Anyone who’s ever read a farmer’s diary knows that weather figures heavily. Farmers care about the weather and so that’s what they record. Millers had similar concerns, and thus it’s not surprising that James Barry (1822-1906), a miller on Six Mile Brook (off the West River of Pictou County, Nova Scotia) also spent much space in his diary recording the weather. As this Voyant Tools output shows, weather and weather-related topics (warm, cold, beautiful, fine) competed with work-related terms (grinding, working, sawing, kiln) and his employees (Murdoch McKay, Donald Gunn, and his house-servant Barbara) for the most common terms in the diary.

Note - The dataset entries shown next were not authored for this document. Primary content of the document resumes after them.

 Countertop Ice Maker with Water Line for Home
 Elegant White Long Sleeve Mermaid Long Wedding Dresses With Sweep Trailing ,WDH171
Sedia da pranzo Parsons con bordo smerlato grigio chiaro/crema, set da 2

Voyant Tools, Cirrus output, James Barry Diary, 1849-1860 (95 terms)

Weather influenced all Barry’s saw and grist mill operations. It was his friend, and his foe. Mills need a steady supply of water to keep its wheels turning.  Thus every day for 56 years Barry wrote about the weather, and the water level in his millpond. So what does one do with 56 years of historical meteorological data? To be clear, this is not “measured” data, but rather experiential data. He observed that some days were cold, and some were hot, that it rained, snowed, stormed, and that the wind blew from the east or the south.

There is, no doubt, lots of data there and following the work of Liza Piper and others we could use Barry’s “colloquial meteorology” to reconstruct a model of local weather for inland Pictou Township in the second half of the 19th century.[1] Such information is useful, especially when situated beside other regional measures from New England and the Canadas. The patterns of climate change often miss the local, and that’s important in a region like Nova Scotia – a hugely uneven topography protruding out into the North Atlantic, not really continental, but not in the Gulf Stream either – where the volatility of weather can be enormous. Local patterns matter.

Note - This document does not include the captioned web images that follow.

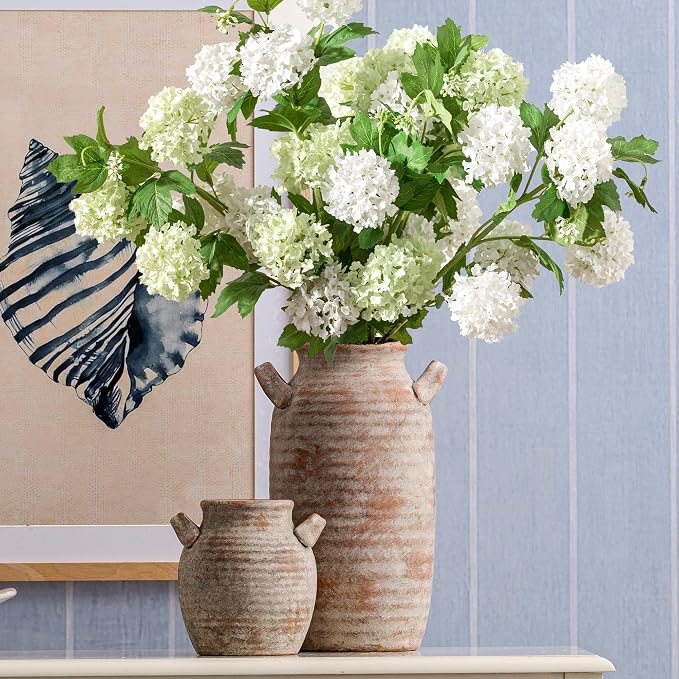 Large Flower Vase Home Decor - Tall Ceramic Farmhouse Rustic Table Vases with Handle Living Room Decoration Decorative Modern Pottery for Floor Kitchen Shelf Coffee Dining Desk Fireplace (12" Retro)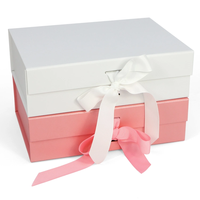 Firstsail Écologique Recyclable Vêtements Chaussures Sous-Vêtements Perruque Pli Plat Rose Pliant Cadeau Boîte De Rangement Emballage avec Ruban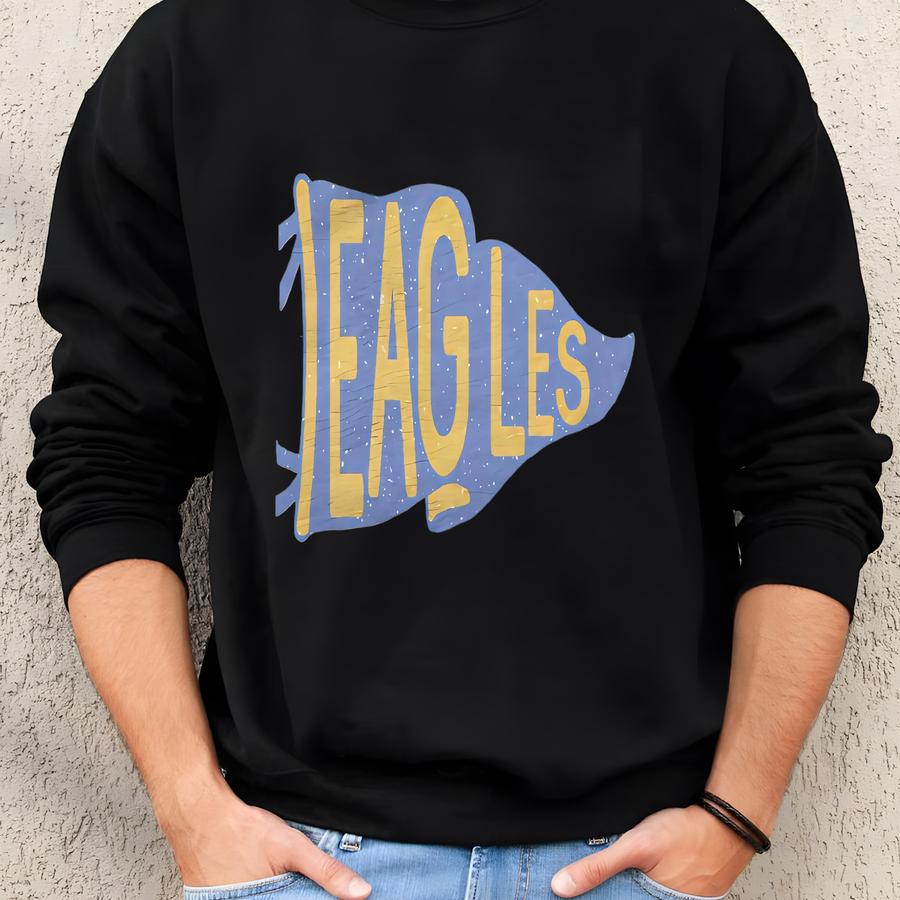 Blue And Gold Eagles T-shirt | Retro Pennant Mascot Tee | Unisex School Spirit Shirt | Game Day Blue Gold Eagles Graphic Top Sweatshirt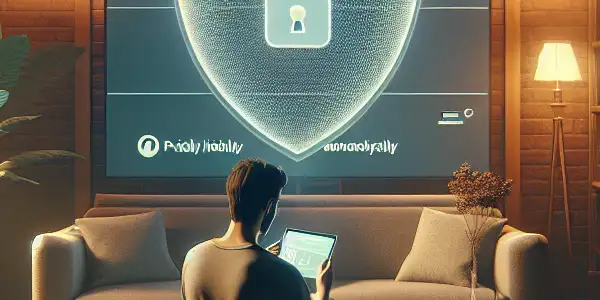 A cozy room with a person watching adult content on a modern device, emphasizing privacy and wellness.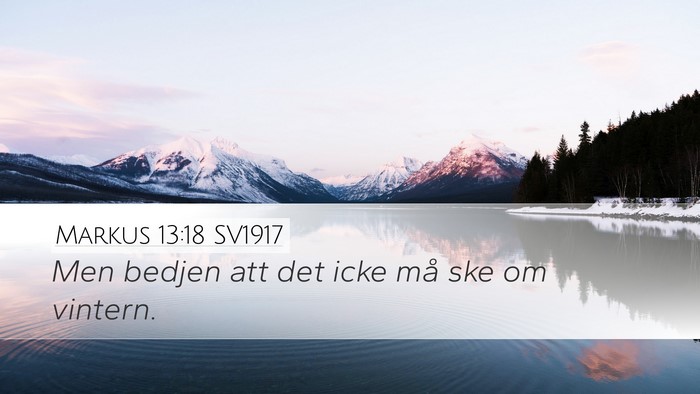 Markus 13:18 SV1917 Desktop Wallpaper - Men bedjen att det icke må ske om - Desktop Bible Verse Wallpaper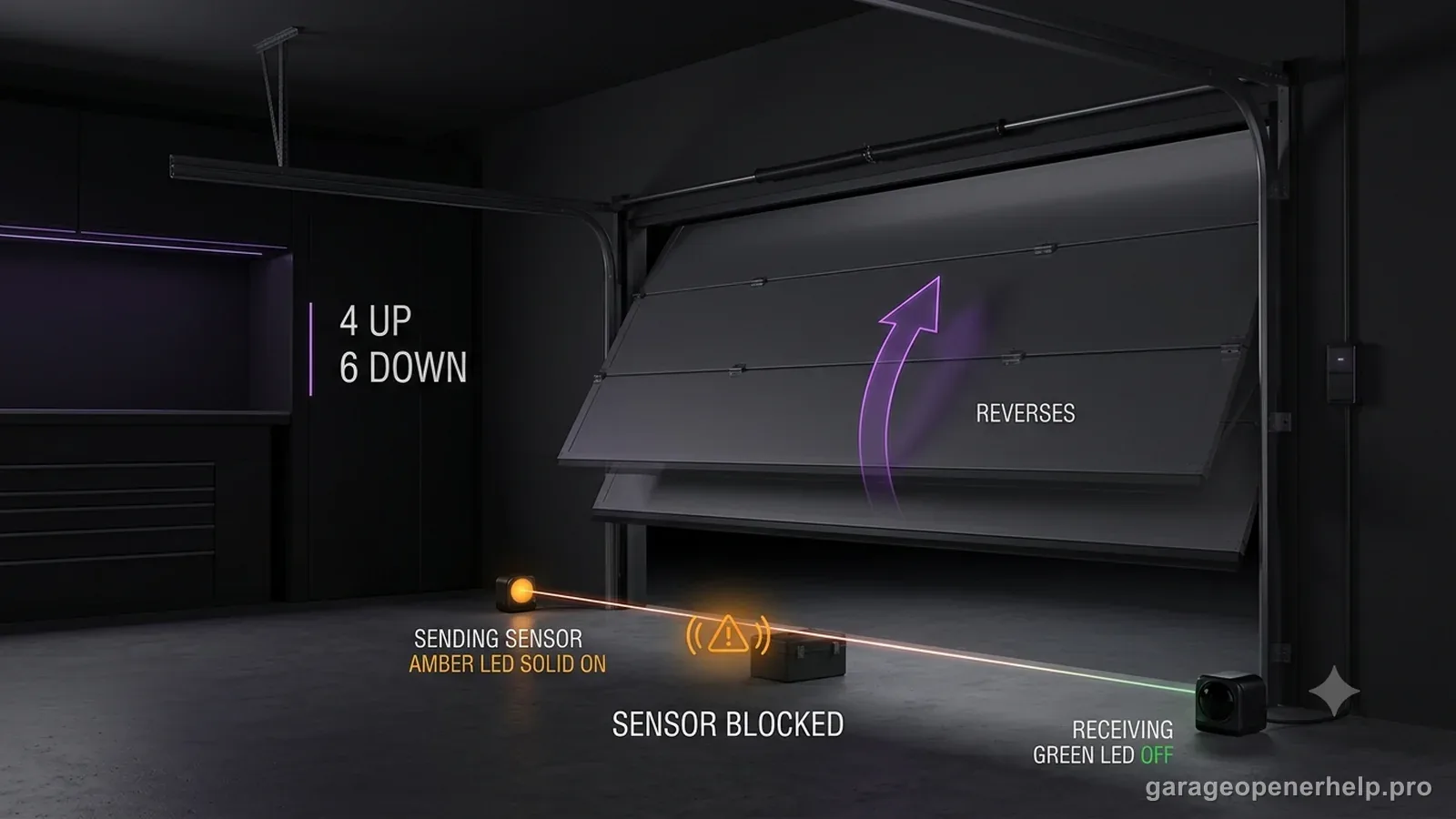 Garage door opener diagnostic illustration for code 4 UP 6 DOWN showing a steady amber sending sensor, an off green receiving sensor, a blocked safety beam, and the door reversing during a close attempt.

There were some objective measures. Barry usually noted, for example, the first snow of the year, the first frost, the first deep frost, the first ice on the millpond, when the snow was melting, when the leaves were appearing, when crops were being planted and harvested, and so on. None of these is instrumentally precise, but aggregated such observations offer patterns for seasonal markers.

He also commented often on unusual departures from established patterns. Numerous times over the 56 years of the diary he noted that this was the coldest spring, or the hottest summer, he or anyone around could recall. “This is a very backward spring”, he noted on 4 June 1851. What exactly did that mean? The few preceding days he had described as raw and cold. What did “cold” mean in early June? And if this data is to be meaningful for historical climatological purposes what did it mean in 1851? Was Nova Scotia still in the Little Ace Age? Probably,[2] but barely and what does that mean? Was 1851 as backward as 1816, the famous year without a summer? That year from Boston to Halifax, complaints of the cold were cast, as Barry did, as “backward”.[3] We know much more about 1816 because that year continued cold, and crops failed all across Europe and northeastern North America. That kind of calamity didn’t follow the “backward” Pictou spring 1851, but such observations offer context for us to think about the subjective assessment of one place at one time.

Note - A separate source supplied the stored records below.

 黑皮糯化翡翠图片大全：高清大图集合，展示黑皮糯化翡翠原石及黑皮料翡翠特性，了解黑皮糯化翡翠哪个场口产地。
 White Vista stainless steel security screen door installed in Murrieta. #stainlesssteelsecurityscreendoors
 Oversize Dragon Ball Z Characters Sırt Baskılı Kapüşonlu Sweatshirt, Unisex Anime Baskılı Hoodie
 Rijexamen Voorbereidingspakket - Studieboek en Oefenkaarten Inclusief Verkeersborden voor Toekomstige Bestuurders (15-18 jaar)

Sample page from James Barry Diary, 30 September 1868, Public Archives of Nova Scotia, MG1, volume 1218.

I’m reading Barry to understand a rural 19th-century man’s life. Weather, and to some extent climate have become important to me because it was important to him. I do hope to develop some sort of database on weather. But I’m really wondering what made Barry tick, and weather was part of that. Not only was it important in shaping his work-life, it was important in shaping his emotional well-being. Reading his diary, one is immediately struck by how curmudgeonly he was. Few things ameliorated his mood. While his marriage was not a happy one, his courtship with Bell McLennan in the spring of 1859 marked one of the few sustained periods of lightness in his tone. And his affection for their eldest daughter Josephine was always clear. Fine weather, too, could lighten his mood. Spring freshets and rain after a dry spell, particularly in summer, brought moments of relief, and occasionally elation.  And while he dreaded a dry spell, his language for sunny warm days, though not sunny hot days, usually elicited a brighter tone.

Barry’s more ambiguous language offers insights into his moods and his emotional condition. Barry hated the heat, and often noted that he preferred spring and fall. And while he sometimes complained of winter cold, he rarely noted it as debilitating in the way that he often experienced the heat. These middling days were often described as “soft”, a term that is both fairly obvious (not hot, not cold, not harsh) and yet completely ambiguous as it was used in winter and summer, sunny and rainy days. The Oxford English Dictionary tells us that “soft” is a more complex word than we might imagine, the adjective alone running to 10 different senses. The heart of the term points to “not harsh” and “somewhat pleasant”. Even limiting definitions to weather references, the OED entry indicates quite subtle uses, made more complex by Scots and Irish variants (see sense 4 a, (b)) – a notable detail in a county settled mostly by Scots.[4]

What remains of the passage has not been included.